His Dad Would Interview Him on His Show As a Kid
When Letterman asked whether or not his dad's performative background was what got him into acting, Clooney revealed that he used to go into the prop room at the station and put on these outfits like a Leprechaun costume or the Easter Bunny, and then his father would interview him on the show in these suits.
"I'm literally like, eight, and I've got a leprechaun outfit on and my dad goes, "'So, St. Patrick, it's a big day, for you right?'" Clooney recounted, and he would respond in character. But he really learned his acting chops at his parents' perennial cocktail parties where, at the age of 8, he loved to tell the punchline to his father's jokes.
He Grew Up Around Some Incredible Women
His aunt, Rosemary Clooney, was a famous singer who was on the cover of Time magazine, but he didn't get to spend much time with her. But he does remember when she came down to do a show with three other famous women in show business, all of whom were sassy old broads (Clooney emphasizes that was their term, not his).
Clooney doesn't specify his age, but he says that his aunt asked him to drive them all to Kentucky for a show, and he was working in tobacco fields for $3.33 an hour, so he must have been in college (and, also, in a Steinbeck novel).
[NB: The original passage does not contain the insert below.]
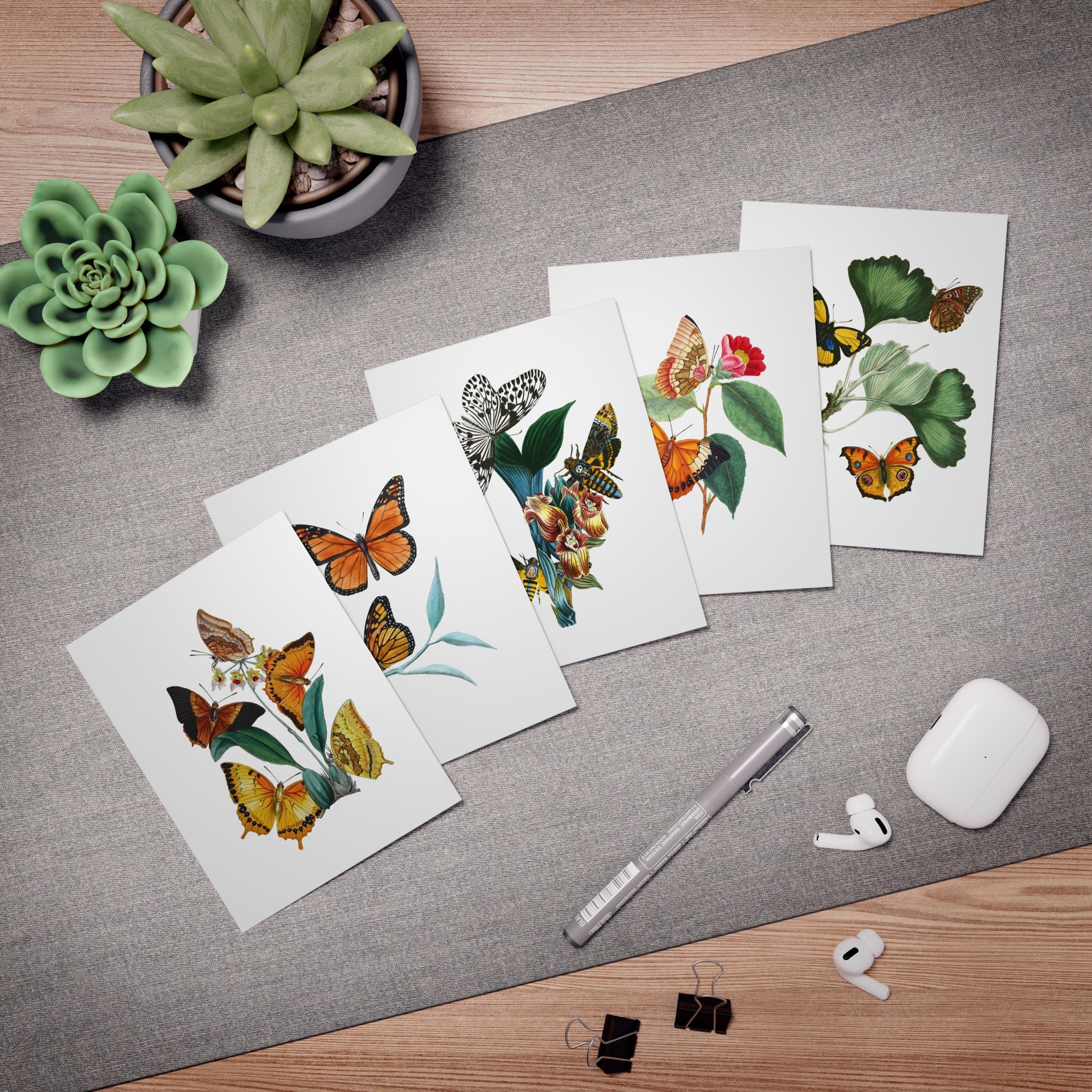 Set of 5 Vintage Butterfly Note Cards with Envelopes | Colorful Blank Stationery Featuring Butterflies and Moths | Paper Goods, Eco-Friendly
They'd down entire bottles of vodka and drive home in their sequin gowns and tell him, "Pull over, I gotta take a whizz," and just pull one leg out of the car to go, while saying, "Don't turn around, George, you'll learn too much about the aging process."
"I got a real education from these women," Clooney laughed.
He's Hosting an Iraqi Refugee
The Clooneys don't just talk about helping people, they get involved in deeply personal ways. One of the big surprises of the show was that Amal, George, and his parents decided to sponsor Hazim Avdal, a Yazidi refugee fleeing ISIS.
"I remember being so struck by his courage but also just this amazing spirit and how he spoke about even after everything he'd lost, he spoke about a desire for justice, not revenge," Amal said. "He spoke about his dream of one day studying in the U.S. and I know we all had the same thought which was, well, maybe there's something we can do to help with that." He is now a student at the University of Chicago and living close to Clooney's parents, in a stunning lake house that'll make you drool.
He Wanted to Be a Baseball Player
Before acting, Clooney's first love was baseball, and according to him, he could really play. In 1977, when he was just 16, he tried out for the World Series champion Reds, who were in Ohio scouting the best baseball players at different high schools.
"I really thought, my whole life, trying out, that I was going to be a professional baseball player," he said. "But, then, I remember being sent home the first year, and the second year I came back, and I got past the first round, which was the arm and the speed. And then I got to take some hits. And I remember standing in…and this [minor league pitcher] is throwing us 87-mile hours fastballs or something… and I'm just jacking these balls, and I'm feeling like a king… And the guy's kind of looking at me like, 'You're an idiot, I'm just throwing you meatballs to hit,' so he throws a curveball at my head, and the sound that it made coming towards my head, and how embarrassingly bad I fell backwards, and how far on the outside of the plate the ball ended up… I remember standing up and thinking, 'Oh, I'm never going to be a professional baseball player." Fun fact: Here are 12 Famous Actors You Forgot Were Once Professional Athletes.
He Became an Actor on a Whim
Or at least that's what he sounds like. One day, his cousin, Miguel Ferrer, and his father, both of whom were actors, came to Kentucky to do a movie called Centennial, and got him cast as an extra. "Miguel said, 'You gotta come to Hollywood and be an actor,' and I said, 'OK.' So I got into my '76 Monte Carlo with rust all over it, and I drove it all night for two nights—I couldn't turn it off cuz it wouldn't start again—and I did a lot of television for a long time."
He Suffered from Bell's Palsy
Handsome as he is now, Clooney was once nicknamed "Frankenstein," due to a terrible condition that paralyzed half of his face in freshman year of high school. The way he coped with that was that he made jokes. "Those kinds of things give you personality, they teach you how to make fun of yourself and not take yourself too seriously."